Peter Bradshaw 

Mid90s review – Jonah Hill’s nostalgic nod to the mean streets of his youth

The actor ventures behind the camera with a debut that mixes Scorsese-like indulgence with moments of smartly observed subtlety
  
  

Mid90s.
Flipping the script … Mid90s. Photograph: Tobin Yelland/Altitude Films

Skateboarding movies look as if they’ve absorbed the aesthetic of skateboarding itself: reckless, affectless, directionless and anaesthetised, the kind of activity where it’s important to mask pain if you fall heavily on the asphalt, though the pain is there. They have created a distinct style of their own over the years, since the mid-90s, in fact: a kind of indie-stonewashed, handheld moviemaking, lit as it were from the glow of a setting sun across an empty parking lot, and filmed as if by the participants themselves or by someone too old to be hanging out with them. For his debut movie as a writer-director, 35-year-old Jonah Hill has come up with an accomplished and watchable film in this style, nearly a pastiche, about a very male world as these films generally are (although Crystal Moselle’s recent Skate Kitchen challenged this stereotype).

It’s a coming-of-age film in its way. Stevie (played by Sunny Suljic) is a 12-year-old in 90s Los Angeles from an unhappy family. He lives with his single mom Dabney (Katherine Waterston) and his boorish elder brother Ian – an atypically brutish Lucas Hedges – who bullies Stevie with punches that Hill cranks up on the soundtrack so the impact sounds like a bone snapping.

One summer, Stevie finds himself hanging out at a skateboard shop with the kind of laid-back proto-hoodlums who are the stuff of his mother’s nightmares: Ruben (Gio Galicia), Fuckshit (Olan Prenatt), Ray (Na-kel Smith) and Fourth Grade (Ryder McLaughlin). Hill himself may identify with young Stevie, or perhaps with Fourth Grade who is forever filming everyone with his video camera and is shyly embarrassed about his own career hopes, modestly announcing he may just follow in his dad’s footsteps at the Department of Motor Vehicles.

Hill shows how the skaters are to be Stevie’s alternative family, and when his charm and courageous skating cause him to be lavishly accepted by these cool kids five years older than he is, it causes sibling rivalry with Ruben, an envy made worse by his precocious sexual success with a much older girl (a wish-fulfilment scene that male directors often go in for). Ray is the group’s de facto leader, and when he appears to be disloyally drifting away from them for some older and yet cooler skaters, it creates something akin to a power vacuum, filled by Fuckshit, who masks his hurt feelings by drinking even more than usual, and is, worryingly, the group’s designated driver.

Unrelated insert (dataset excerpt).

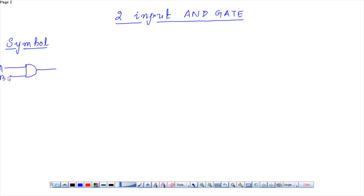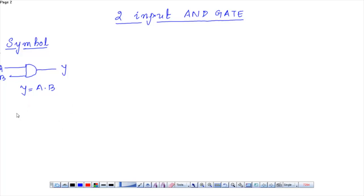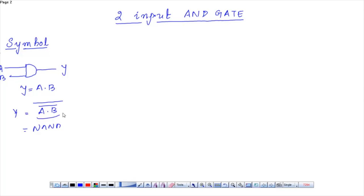This is A, this is B, and this is Y, where Y is equal to A dot B. How do we obtain this A dot B? We can directly use the NMOS and PMOS to design a schematic diagram. The other way to represent Y is A dot B bar whole bar, which is NAND — NAND plus NOT to produce the whole bar.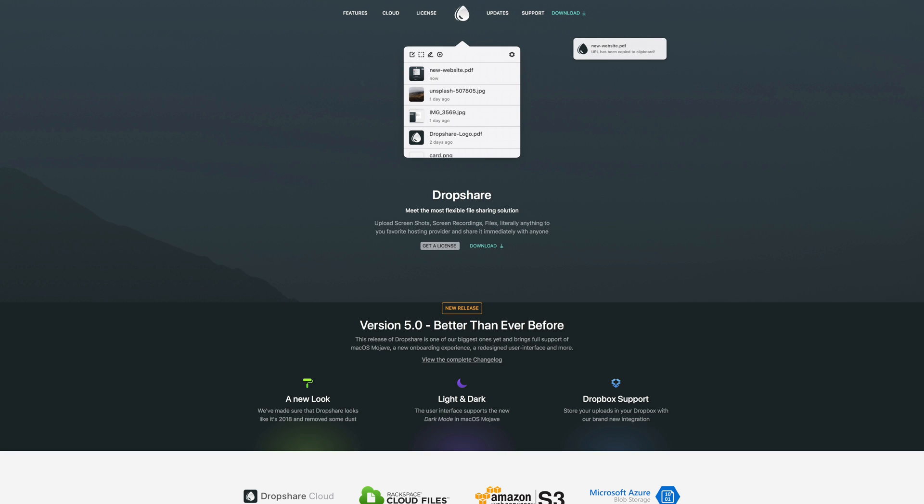Dropshare is a Mac app that lets you upload literally any type of file to the cloud platform of your choice in seconds, allowing you to share it instantly.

Mid90s is a film in two distinct traditions: there is the rhetoric of something like the mid-90s film Kids, directed by Larry Clark and written by Harmony Korine – Korine has a knowingly contrived cameo here – or Gus Van Sant films such as Paranoid Park or Elephant.

This is the less-than-zero world of young people operating outside parental supervision and at the margins of the law. Tellingly, there is a scene in which the group taunt a security guard, an authority figure who isn’t even a cop, but who gets in a few verbal licks of his own, jeering that Fuckshit looks like Sheryl Crow – although the skaters lack the irony gene that makes them seriously vulnerable to this kind of mockery.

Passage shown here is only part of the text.